Print the listing below only from the line that has "IMM10 - IMMERSION" through the line that has "Image of Purple-backed Fairywren", exactly, and drop any picture.

* * * * * * * * *

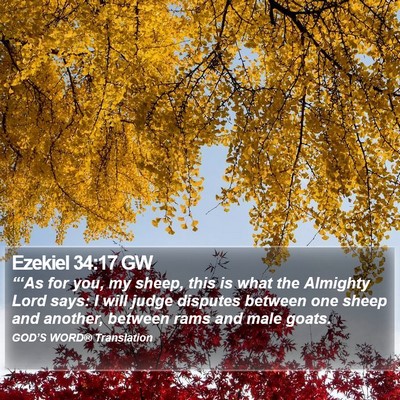 Ezekiel 34:17 GW Bible Verse Image
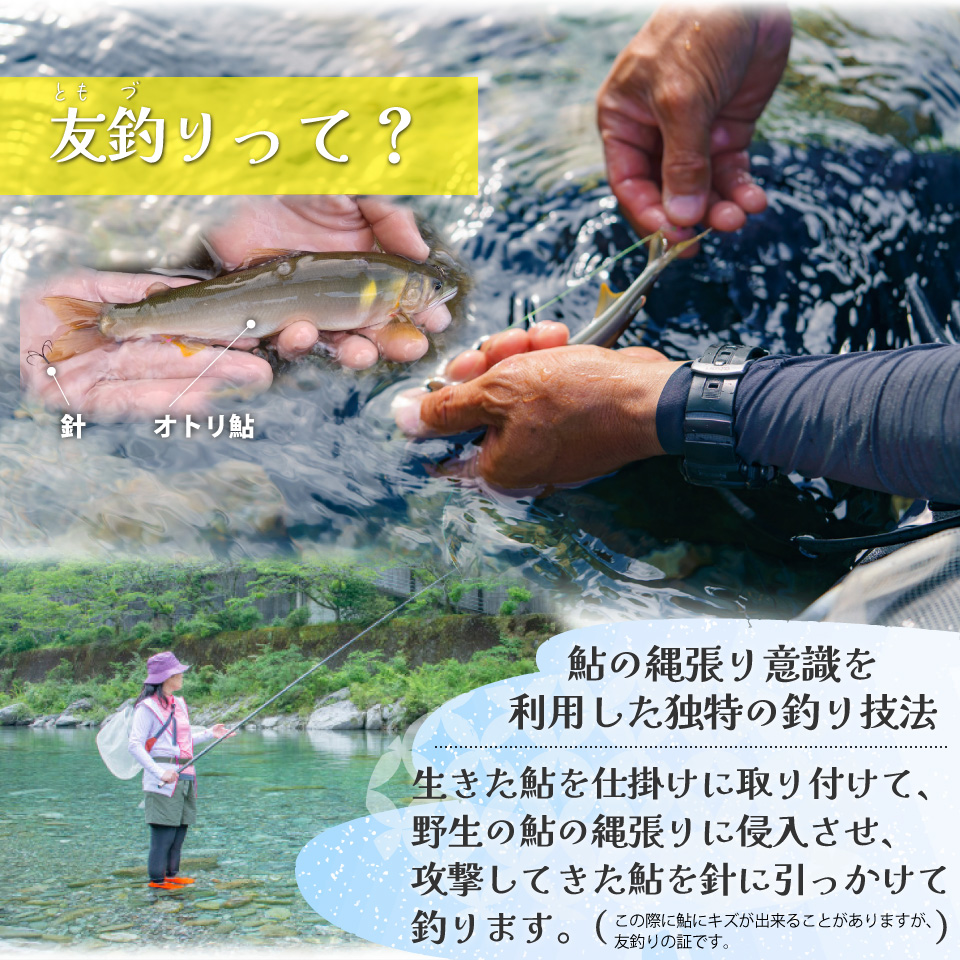 ＜鮎屋仁淀川の仁淀ブルー友釣あゆで作るパエリアセット＞先行予約 天然鮎 ミールキット 料理キット パエリア キャンプ飯 アウトドア 簡単調理 あゆ アユ 香魚 国産 高知県 佐川町 鮮度抜群 NIYO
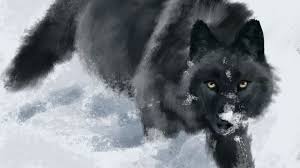 Right now we have 79+ background pictures, but the number of images is growing, so add the webpage to bookmarks and check it later! Wallpaper Wolf Snow Art Animal Black Hd Picture Image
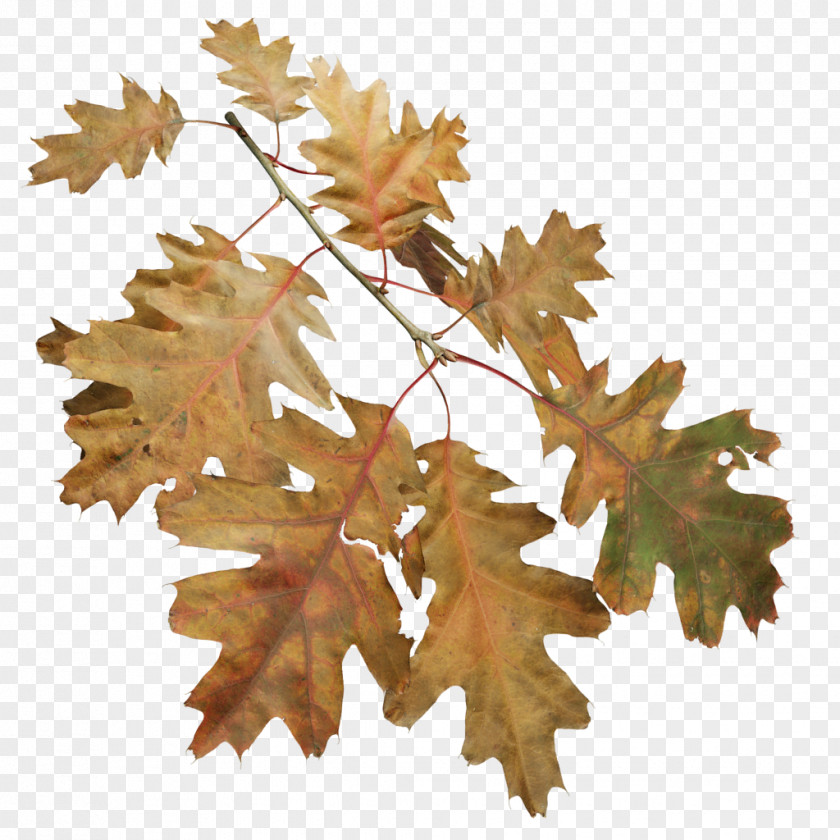 Tree Twig Northern Red Oak Willow Birch PNG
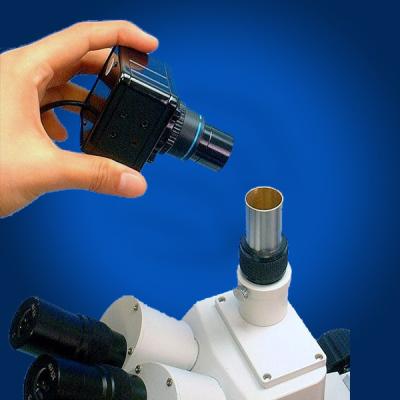 China cámara digital del microscopio de 10Megapixels USB, soporte de la cámara C del ocular en venta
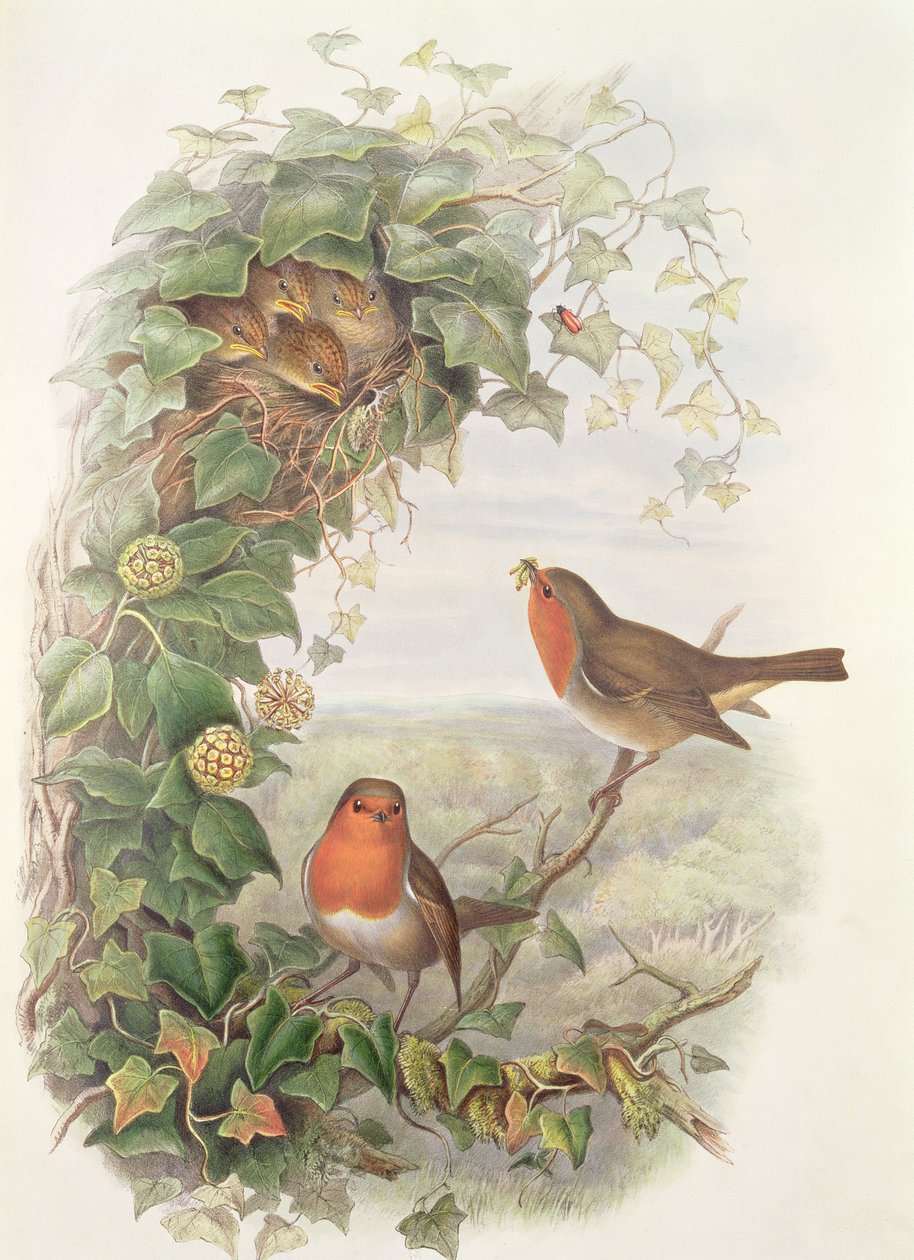 Robin, 1873 (wc, kynä paperille) tekijältä John Gould
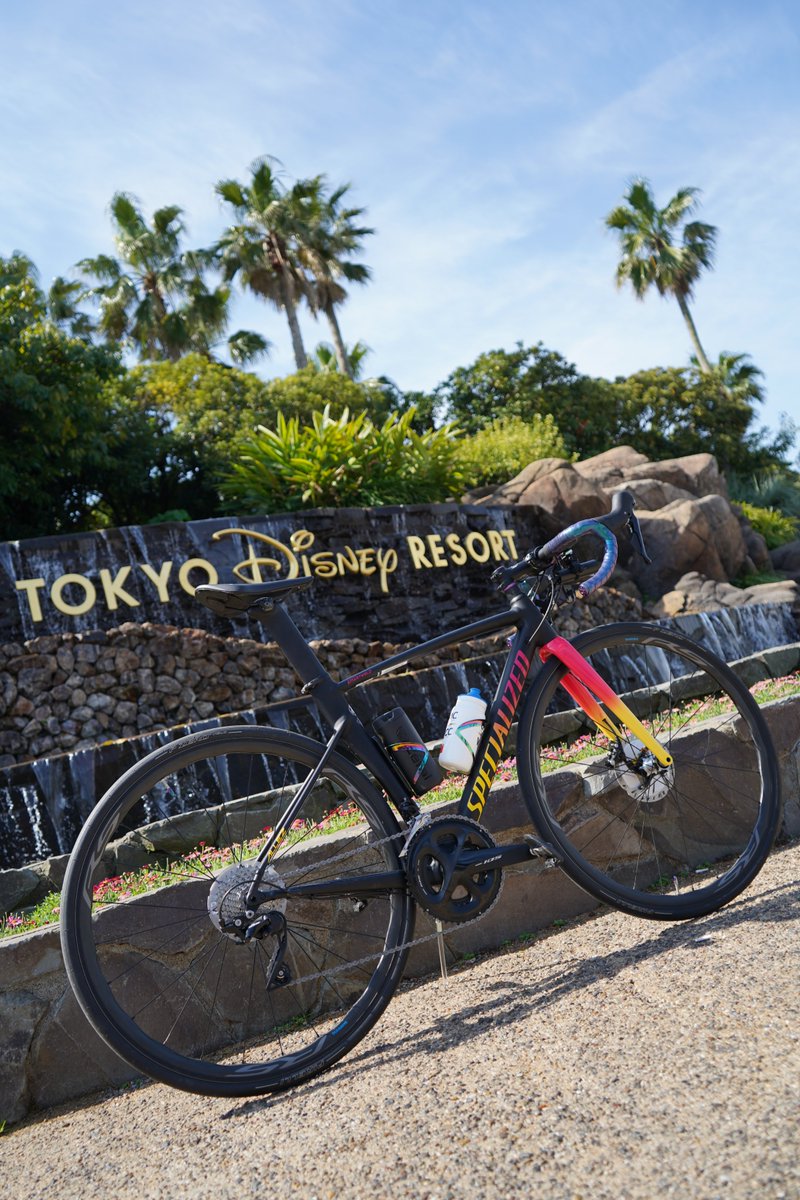 nikachan14run's tweet photo. 1枚目：カメラで撮ったまま
2枚目：HDR
#東京ディズニーリゾート 
#AllezSprintDisc
#SPECIALIZED
#ロードバイク
#めだたんぼー 
#カメラ初心者
#a7iii https://t.co/TwK9Vf7aMb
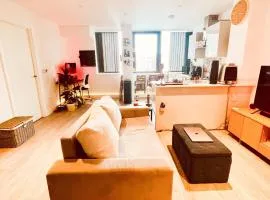 Fabulous modern North London apartment
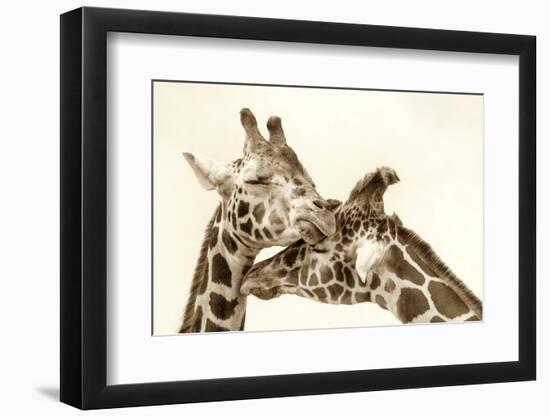 In Love-Carrie Ann Grippo-Pike-Framed Photographic Print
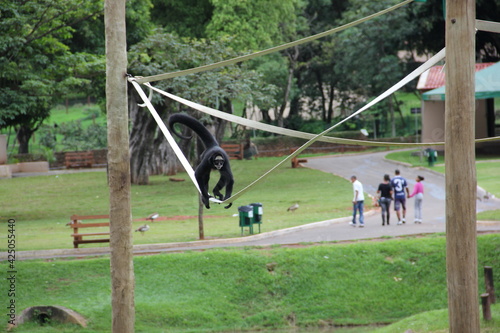Macaco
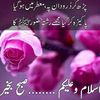 shaheefatima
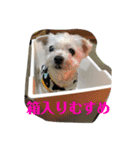 みょーれちゅ（個別スタンプ：1）
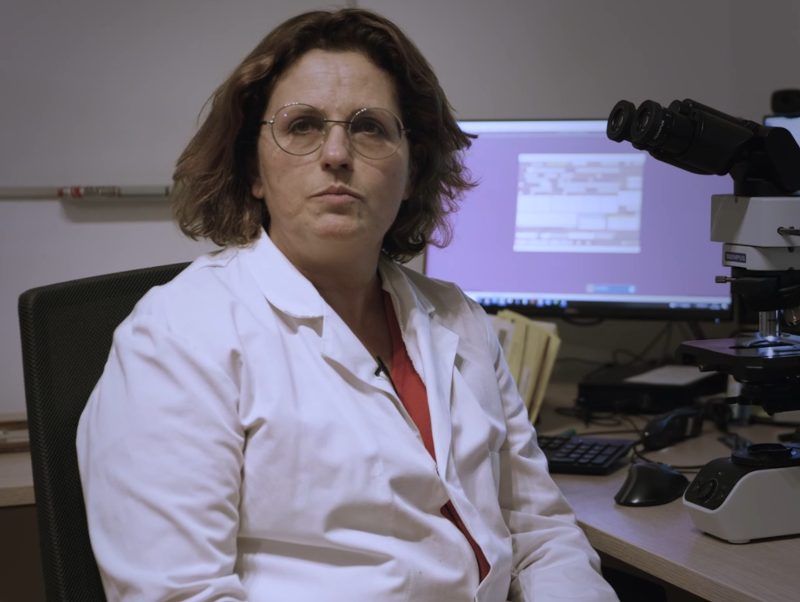 IMM10 - IMMERSION TOULOUSE - Vignette principale finale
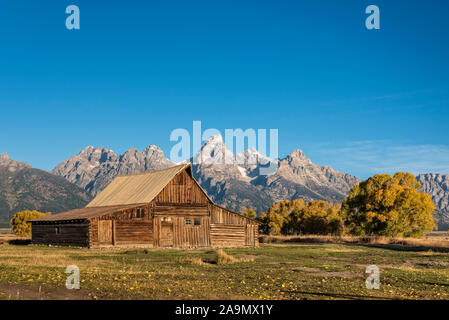 T.A. Moutlon Scheune auf Mormon Reihe, Grand Teton National Park, Wyoming. Stockfoto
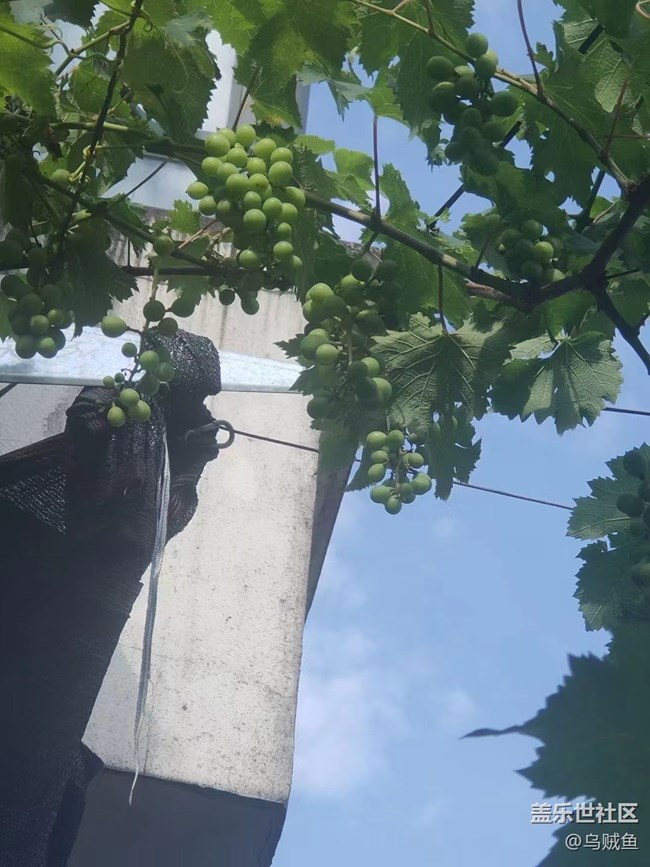 【捕捉夏日美好】葡萄園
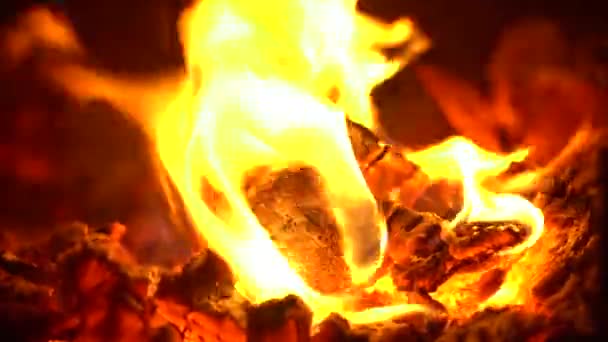 Brandende Vuur Met Hot Kolen Close — Stockvideo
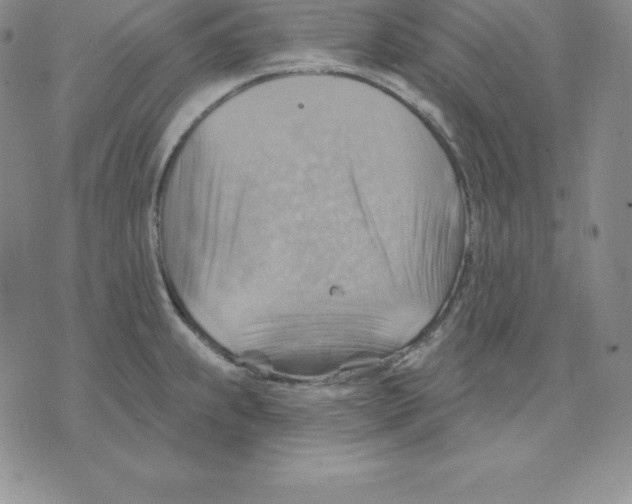 X0000075831239200610151512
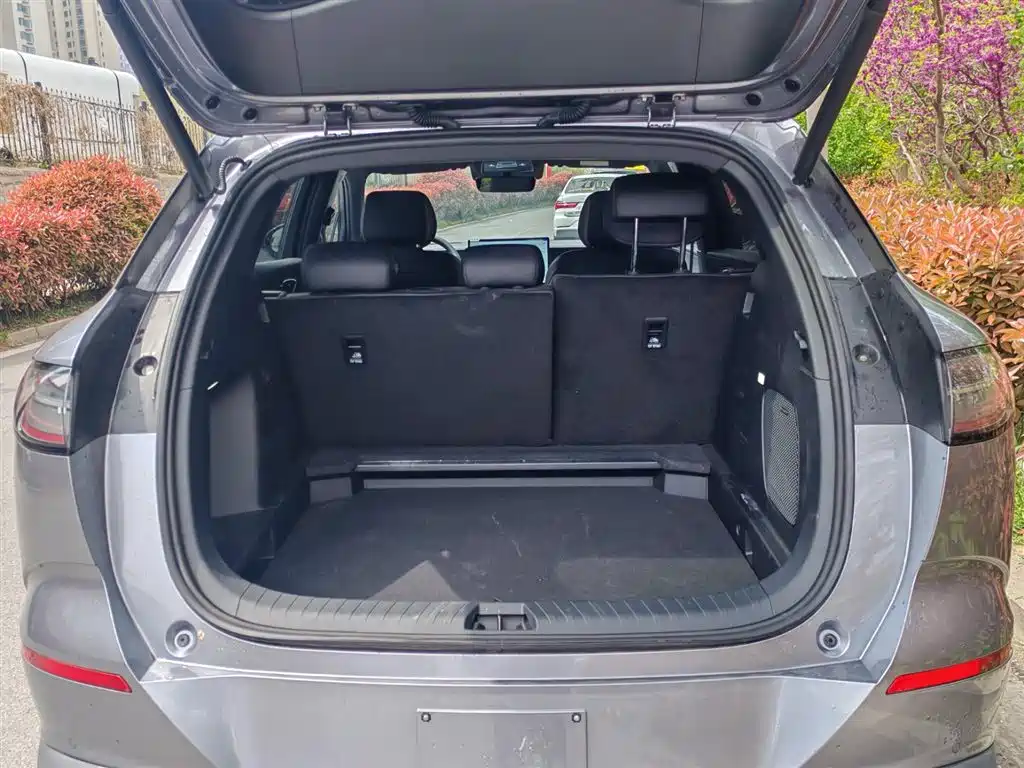 BYD Sealion 06 New Energy 2025 DM-i 170 Pilot Plus Edition фото 18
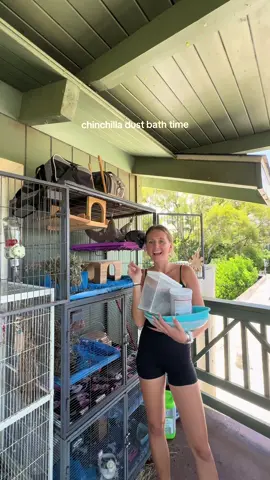 Favorite time for the chinchillas🥰🤝🫧🫧 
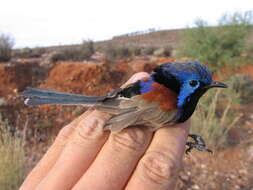 Image of Purple-backed Fairywren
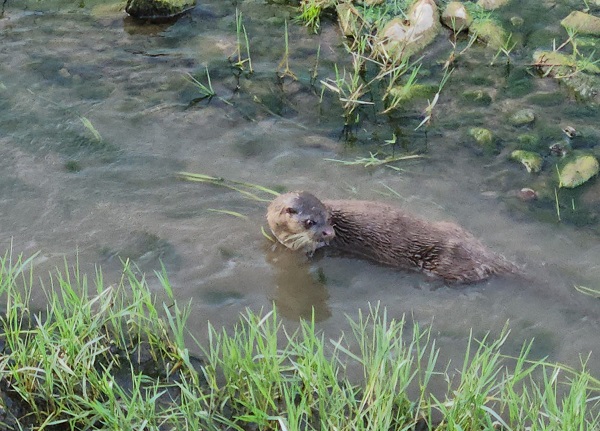 Nesli tehlike altında! O ilimizde görüntülendi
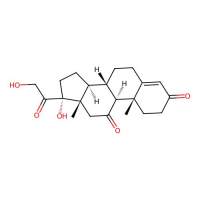 可的松，53-06-5，Moligand™, 10mM in DMSO，阿拉丁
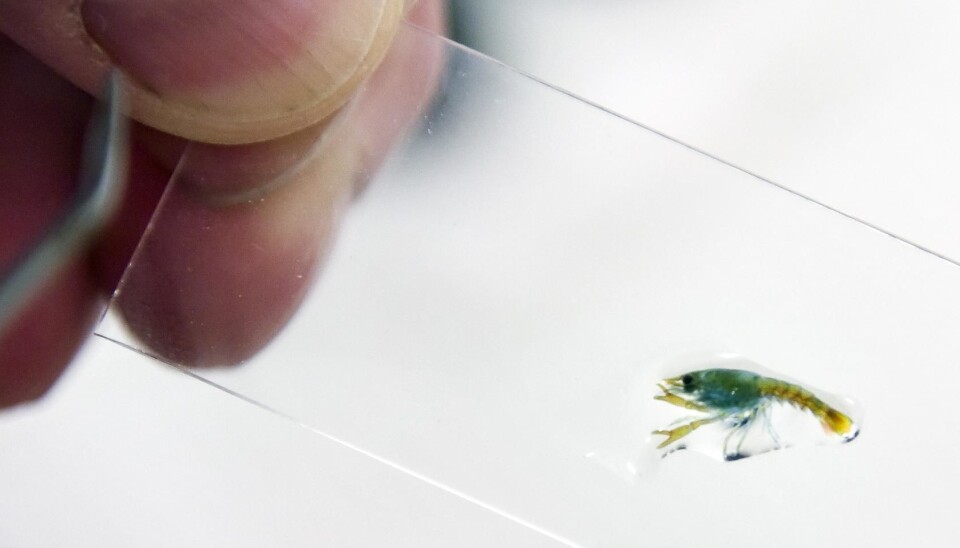 Lobster larvae are fastidious feeders – and cannibals. The biggest challenge facing researchers is to find the optimal first feed. (Photo: Thor Nielsen/SINTEF)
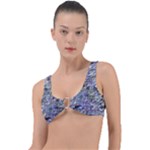 Fanciful (2) Ring Detail Bikini Top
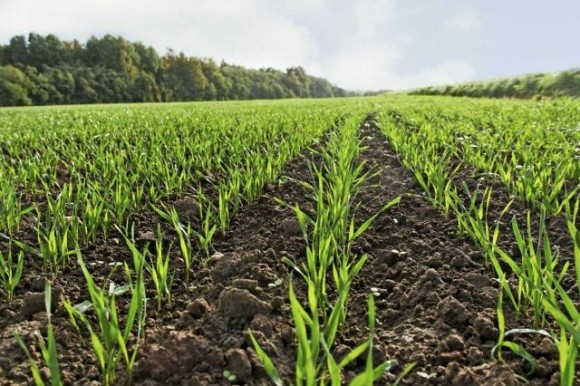 Мікроелементні добрива та стимулятори росту для високої врожайності  фото, ілюстрація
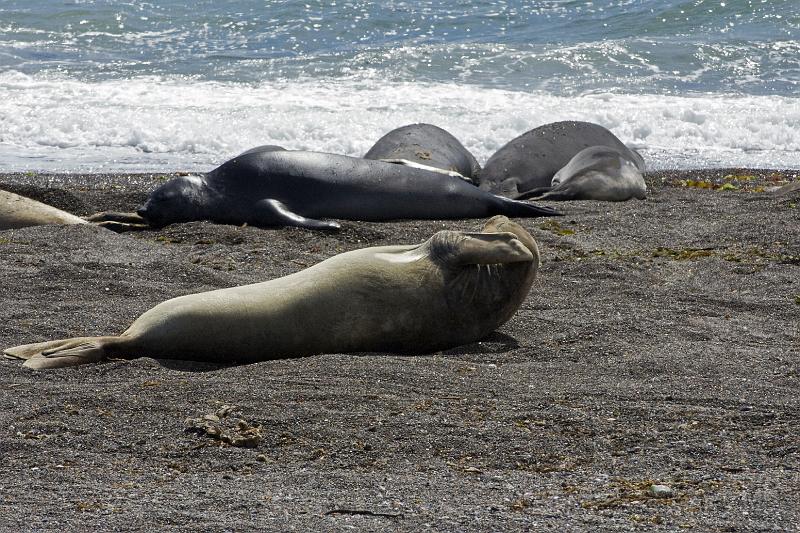20071209 103230 D2X 4200x2800.jpg - Sea Lions, Puerto Madryn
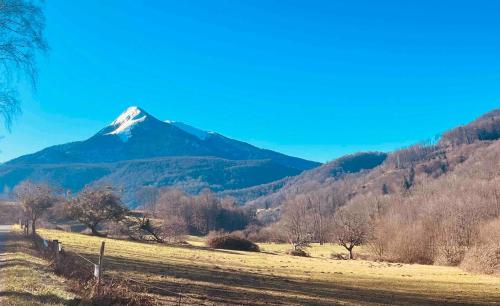 a mountain in the distance with a field and trees at Le Refuge du Cagire in Aspet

* * * * * * * * *

● **Your response**
 IMM10 - IMMERSION TOULOUSE - Vignette principale finale
 T.A. Moutlon Scheune auf Mormon Reihe, Grand Teton National Park, Wyoming. Stockfoto
 【捕捉夏日美好】葡萄園
 Brandende Vuur Met Hot Kolen Close — Stockvideo
 X0000075831239200610151512
 BYD Sealion 06 New Energy 2025 DM-i 170 Pilot Plus Edition фото 18
 Favorite time for the chinchillas🥰🤝🫧🫧 
 Image of Purple-backed Fairywren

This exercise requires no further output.